Nothing in the data may be altered as it is transcribed.
Top of Entries provided
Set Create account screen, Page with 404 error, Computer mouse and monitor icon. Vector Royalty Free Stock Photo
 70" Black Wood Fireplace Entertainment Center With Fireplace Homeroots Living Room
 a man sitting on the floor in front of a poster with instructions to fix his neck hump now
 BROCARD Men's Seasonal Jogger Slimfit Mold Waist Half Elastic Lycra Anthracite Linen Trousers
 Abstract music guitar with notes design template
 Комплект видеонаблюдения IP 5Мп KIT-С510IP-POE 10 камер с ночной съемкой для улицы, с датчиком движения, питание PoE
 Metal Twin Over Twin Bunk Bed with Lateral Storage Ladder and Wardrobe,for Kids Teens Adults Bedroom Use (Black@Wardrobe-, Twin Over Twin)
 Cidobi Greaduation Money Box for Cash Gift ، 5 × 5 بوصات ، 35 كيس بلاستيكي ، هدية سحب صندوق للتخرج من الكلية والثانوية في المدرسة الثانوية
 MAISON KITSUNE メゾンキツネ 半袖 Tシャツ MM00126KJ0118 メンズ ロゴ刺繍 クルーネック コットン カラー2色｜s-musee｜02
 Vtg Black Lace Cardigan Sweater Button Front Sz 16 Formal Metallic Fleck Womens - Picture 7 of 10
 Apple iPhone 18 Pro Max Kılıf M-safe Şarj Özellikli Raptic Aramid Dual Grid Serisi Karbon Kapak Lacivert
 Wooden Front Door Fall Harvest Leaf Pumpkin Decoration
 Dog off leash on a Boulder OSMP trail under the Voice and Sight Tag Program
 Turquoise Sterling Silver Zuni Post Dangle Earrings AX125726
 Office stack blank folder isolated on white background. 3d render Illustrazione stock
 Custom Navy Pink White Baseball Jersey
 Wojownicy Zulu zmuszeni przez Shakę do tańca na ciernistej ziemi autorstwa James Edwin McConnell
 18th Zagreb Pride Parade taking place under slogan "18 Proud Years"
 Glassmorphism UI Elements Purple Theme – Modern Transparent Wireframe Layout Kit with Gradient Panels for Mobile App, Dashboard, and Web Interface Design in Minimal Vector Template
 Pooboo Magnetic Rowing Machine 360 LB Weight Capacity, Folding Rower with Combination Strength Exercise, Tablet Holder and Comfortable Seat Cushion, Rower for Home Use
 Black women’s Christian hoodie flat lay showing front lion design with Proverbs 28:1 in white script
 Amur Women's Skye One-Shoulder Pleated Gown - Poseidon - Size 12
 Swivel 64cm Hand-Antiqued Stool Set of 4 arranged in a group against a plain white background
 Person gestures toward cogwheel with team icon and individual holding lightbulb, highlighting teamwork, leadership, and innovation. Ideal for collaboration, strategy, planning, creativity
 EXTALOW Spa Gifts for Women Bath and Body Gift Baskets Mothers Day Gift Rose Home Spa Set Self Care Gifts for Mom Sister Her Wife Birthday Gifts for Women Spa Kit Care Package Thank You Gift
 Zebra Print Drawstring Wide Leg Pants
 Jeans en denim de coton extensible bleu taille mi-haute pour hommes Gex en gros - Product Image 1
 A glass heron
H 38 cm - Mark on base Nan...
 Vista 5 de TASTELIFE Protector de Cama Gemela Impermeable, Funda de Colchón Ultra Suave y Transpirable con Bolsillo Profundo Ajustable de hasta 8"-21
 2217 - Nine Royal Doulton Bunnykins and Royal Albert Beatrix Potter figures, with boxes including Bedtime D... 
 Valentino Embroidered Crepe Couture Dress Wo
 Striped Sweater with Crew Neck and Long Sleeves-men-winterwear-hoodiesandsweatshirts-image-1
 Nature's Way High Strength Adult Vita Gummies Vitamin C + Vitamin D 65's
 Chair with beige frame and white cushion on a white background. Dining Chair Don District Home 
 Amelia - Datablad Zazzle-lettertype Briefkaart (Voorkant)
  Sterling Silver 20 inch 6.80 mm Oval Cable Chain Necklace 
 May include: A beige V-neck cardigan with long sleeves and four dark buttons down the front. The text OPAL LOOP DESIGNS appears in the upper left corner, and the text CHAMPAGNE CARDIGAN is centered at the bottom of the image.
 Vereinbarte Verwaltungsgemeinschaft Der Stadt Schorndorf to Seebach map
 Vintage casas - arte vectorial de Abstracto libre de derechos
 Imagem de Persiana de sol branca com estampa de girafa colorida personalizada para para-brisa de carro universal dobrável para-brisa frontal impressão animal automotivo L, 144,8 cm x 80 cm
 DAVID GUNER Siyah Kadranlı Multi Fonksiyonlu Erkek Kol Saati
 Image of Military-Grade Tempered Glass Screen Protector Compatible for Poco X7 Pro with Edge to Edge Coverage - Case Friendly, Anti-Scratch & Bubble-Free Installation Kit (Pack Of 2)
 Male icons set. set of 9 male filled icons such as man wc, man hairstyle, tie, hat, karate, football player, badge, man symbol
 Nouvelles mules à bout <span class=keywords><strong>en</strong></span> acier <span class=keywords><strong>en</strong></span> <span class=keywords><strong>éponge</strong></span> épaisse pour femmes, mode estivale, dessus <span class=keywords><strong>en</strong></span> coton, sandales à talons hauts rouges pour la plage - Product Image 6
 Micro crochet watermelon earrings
Bottom of Entries provided
### Task response
Set Create account screen, Page with 404 error, Computer mouse and monitor icon. Vector Royalty Free Stock Photo
 70" Black Wood Fireplace Entertainment Center With Fireplace Homeroots Living Room
 a man sitting on the floor in front of a poster with instructions to fix his neck hump now
 BROCARD Men's Seasonal Jogger Slimfit Mold Waist Half Elastic Lycra Anthracite Linen Trousers
 Abstract music guitar with notes design template
 Комплект видеонаблюдения IP 5Мп KIT-С510IP-POE 10 камер с ночной съемкой для улицы, с датчиком движения, питание PoE
 Metal Twin Over Twin Bunk Bed with Lateral Storage Ladder and Wardrobe,for Kids Teens Adults Bedroom Use (Black@Wardrobe-, Twin Over Twin)
 Cidobi Greaduation Money Box for Cash Gift ، 5 × 5 بوصات ، 35 كيس بلاستيكي ، هدية سحب صندوق للتخرج من الكلية والثانوية في المدرسة الثانوية
 MAISON KITSUNE メゾンキツネ 半袖 Tシャツ MM00126KJ0118 メンズ ロゴ刺繍 クルーネック コットン カラー2色｜s-musee｜02
 Vtg Black Lace Cardigan Sweater Button Front Sz 16 Formal Metallic Fleck Womens - Picture 7 of 10
 Apple iPhone 18 Pro Max Kılıf M-safe Şarj Özellikli Raptic Aramid Dual Grid Serisi Karbon Kapak Lacivert
 Wooden Front Door Fall Harvest Leaf Pumpkin Decoration
 Dog off leash on a Boulder OSMP trail under the Voice and Sight Tag Program
 Turquoise Sterling Silver Zuni Post Dangle Earrings AX125726
 Office stack blank folder isolated on white background. 3d render Illustrazione stock
 Custom Navy Pink White Baseball Jersey
 Wojownicy Zulu zmuszeni przez Shakę do tańca na ciernistej ziemi autorstwa James Edwin McConnell
 18th Zagreb Pride Parade taking place under slogan "18 Proud Years"
 Glassmorphism UI Elements Purple Theme – Modern Transparent Wireframe Layout Kit with Gradient Panels for Mobile App, Dashboard, and Web Interface Design in Minimal Vector Template
 Pooboo Magnetic Rowing Machine 360 LB Weight Capacity, Folding Rower with Combination Strength Exercise, Tablet Holder and Comfortable Seat Cushion, Rower for Home Use
 Black women’s Christian hoodie flat lay showing front lion design with Proverbs 28:1 in white script
 Amur Women's Skye One-Shoulder Pleated Gown - Poseidon - Size 12
 Swivel 64cm Hand-Antiqued Stool Set of 4 arranged in a group against a plain white background
 Person gestures toward cogwheel with team icon and individual holding lightbulb, highlighting teamwork, leadership, and innovation. Ideal for collaboration, strategy, planning, creativity
 EXTALOW Spa Gifts for Women Bath and Body Gift Baskets Mothers Day Gift Rose Home Spa Set Self Care Gifts for Mom Sister Her Wife Birthday Gifts for Women Spa Kit Care Package Thank You Gift
 Zebra Print Drawstring Wide Leg Pants
 Jeans en denim de coton extensible bleu taille mi-haute pour hommes Gex en gros - Product Image 1
 A glass heron
H 38 cm - Mark on base Nan...
 Vista 5 de TASTELIFE Protector de Cama Gemela Impermeable, Funda de Colchón Ultra Suave y Transpirable con Bolsillo Profundo Ajustable de hasta 8"-21
 2217 - Nine Royal Doulton Bunnykins and Royal Albert Beatrix Potter figures, with boxes including Bedtime D... 
 Valentino Embroidered Crepe Couture Dress Wo
 Striped Sweater with Crew Neck and Long Sleeves-men-winterwear-hoodiesandsweatshirts-image-1
 Nature's Way High Strength Adult Vita Gummies Vitamin C + Vitamin D 65's
 Chair with beige frame and white cushion on a white background. Dining Chair Don District Home 
 Amelia - Datablad Zazzle-lettertype Briefkaart (Voorkant)
  Sterling Silver 20 inch 6.80 mm Oval Cable Chain Necklace 
 May include: A beige V-neck cardigan with long sleeves and four dark buttons down the front. The text OPAL LOOP DESIGNS appears in the upper left corner, and the text CHAMPAGNE CARDIGAN is centered at the bottom of the image.
 Vereinbarte Verwaltungsgemeinschaft Der Stadt Schorndorf to Seebach map
 Vintage casas - arte vectorial de Abstracto libre de derechos
 Imagem de Persiana de sol branca com estampa de girafa colorida personalizada para para-brisa de carro universal dobrável para-brisa frontal impressão animal automotivo L, 144,8 cm x 80 cm
 DAVID GUNER Siyah Kadranlı Multi Fonksiyonlu Erkek Kol Saati
 Image of Military-Grade Tempered Glass Screen Protector Compatible for Poco X7 Pro with Edge to Edge Coverage - Case Friendly, Anti-Scratch & Bubble-Free Installation Kit (Pack Of 2)
 Male icons set. set of 9 male filled icons such as man wc, man hairstyle, tie, hat, karate, football player, badge, man symbol
 Nouvelles mules à bout <span class=keywords><strong>en</strong></span> acier <span class=keywords><strong>en</strong></span> <span class=keywords><strong>éponge</strong></span> épaisse pour femmes, mode estivale, dessus <span class=keywords><strong>en</strong></span> coton, sandales à talons hauts rouges pour la plage - Product Image 6
 Micro crochet watermelon earrings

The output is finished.